▶ **What you will do**:
Identify the line in which "people and the society." appears, then reproduce that line and all remaining lines of the records word for word.

▶ **Records shown**:

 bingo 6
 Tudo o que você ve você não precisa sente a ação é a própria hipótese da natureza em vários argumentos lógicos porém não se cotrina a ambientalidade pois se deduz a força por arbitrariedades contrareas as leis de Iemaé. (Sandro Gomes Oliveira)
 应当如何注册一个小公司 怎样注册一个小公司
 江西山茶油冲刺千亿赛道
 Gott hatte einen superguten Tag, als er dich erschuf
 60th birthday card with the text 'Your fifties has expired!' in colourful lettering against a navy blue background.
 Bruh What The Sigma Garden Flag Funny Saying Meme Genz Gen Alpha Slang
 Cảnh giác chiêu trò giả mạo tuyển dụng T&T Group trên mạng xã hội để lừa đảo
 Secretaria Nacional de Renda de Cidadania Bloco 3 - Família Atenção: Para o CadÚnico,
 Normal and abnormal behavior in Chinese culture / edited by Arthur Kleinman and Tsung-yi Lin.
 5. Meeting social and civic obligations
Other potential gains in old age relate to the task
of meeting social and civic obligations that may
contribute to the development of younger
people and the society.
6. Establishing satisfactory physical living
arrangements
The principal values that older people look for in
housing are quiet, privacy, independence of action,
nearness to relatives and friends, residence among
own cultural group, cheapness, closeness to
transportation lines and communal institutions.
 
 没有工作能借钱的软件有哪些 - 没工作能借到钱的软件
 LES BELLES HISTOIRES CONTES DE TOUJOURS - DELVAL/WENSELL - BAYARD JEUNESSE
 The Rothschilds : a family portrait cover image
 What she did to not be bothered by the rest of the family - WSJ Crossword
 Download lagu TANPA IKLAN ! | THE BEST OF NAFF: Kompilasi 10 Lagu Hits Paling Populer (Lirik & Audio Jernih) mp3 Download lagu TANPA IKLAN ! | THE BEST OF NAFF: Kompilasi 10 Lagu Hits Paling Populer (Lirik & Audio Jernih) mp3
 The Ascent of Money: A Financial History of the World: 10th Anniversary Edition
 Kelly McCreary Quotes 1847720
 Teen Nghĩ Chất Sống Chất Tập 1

▶ **Task answer**:
people and the society.
6. Establishing satisfactory physical living
arrangements
The principal values that older people look for in
housing are quiet, privacy, independence of action,
nearness to relatives and friends, residence among
own cultural group, cheapness, closeness to
transportation lines and communal institutions.
 
 没有工作能借钱的软件有哪些 - 没工作能借到钱的软件
 LES BELLES HISTOIRES CONTES DE TOUJOURS - DELVAL/WENSELL - BAYARD JEUNESSE
 The Rothschilds : a family portrait cover image
 What she did to not be bothered by the rest of the family - WSJ Crossword
 Download lagu TANPA IKLAN ! | THE BEST OF NAFF: Kompilasi 10 Lagu Hits Paling Populer (Lirik & Audio Jernih) mp3 Download lagu TANPA IKLAN ! | THE BEST OF NAFF: Kompilasi 10 Lagu Hits Paling Populer (Lirik & Audio Jernih) mp3
 The Ascent of Money: A Financial History of the World: 10th Anniversary Edition
 Kelly McCreary Quotes 1847720
 Teen Nghĩ Chất Sống Chất Tập 1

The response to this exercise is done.